Yesterday
I decided that it was time to put my money where my mouth was and tell people
about my mental illness. On
facebook. For the whole world to see. This is what I wrote:
My Dear Friends,
There's something I'd like to tell
you. It's been a little over a year since I checked myself into the local psych
ward for a three day stay. Not a lot of you knew about that. I suffer from
depression and anxiety and have since I was 12 or 13. It's a big part of my
life and a big part of who I am and where I am today. And I've decided it's
time to be frank about it. It's not a result of sin. It's not a result of lack
of will power or laziness. I can't just snap out of it. It is a result of my
brain chemistry, and I am no longer ashamed of my brain chemistry.

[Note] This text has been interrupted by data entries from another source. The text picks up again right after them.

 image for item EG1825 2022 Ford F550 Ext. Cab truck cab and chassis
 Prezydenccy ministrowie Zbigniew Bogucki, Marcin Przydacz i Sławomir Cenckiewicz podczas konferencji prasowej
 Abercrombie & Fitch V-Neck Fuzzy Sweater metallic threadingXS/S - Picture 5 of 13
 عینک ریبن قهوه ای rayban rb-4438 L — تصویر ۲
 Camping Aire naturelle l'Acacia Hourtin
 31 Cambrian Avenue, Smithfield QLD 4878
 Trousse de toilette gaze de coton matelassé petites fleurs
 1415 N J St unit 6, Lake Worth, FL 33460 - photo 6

I am not
ashamed of my trials. If you think less of me now that you know this about me,
that's your loss. But I want you to know about it so you can ask questions, so
we can get rid of the stigma associated with mental illness, and so maybe I can
even help some of you with similar struggles. Talk to me about it. Ask me
questions. I've probably heard them before. This is me making lemonade with the
most bitter lemon I've ever been handed. A wise woman once said, “If you can claim something, it has far less power over you.” Well I am claiming this. I am
claiming my mental illness. I hope you understand.
With Love,
Ashleigh
And it’s absolutely true- “If you
can claim something, it has far less power over you!” I’m a little stunned by the outpouring of
love and support. At the last count, I
had 59 “likes”, 28 comments, five private messages, and a text message. People care.
And I’m so grateful I gave them the opportunity to do so. And I’m going to keep owning depression! You hear that, depression?! YOU DON’T OWN ME! I’M FREE!!!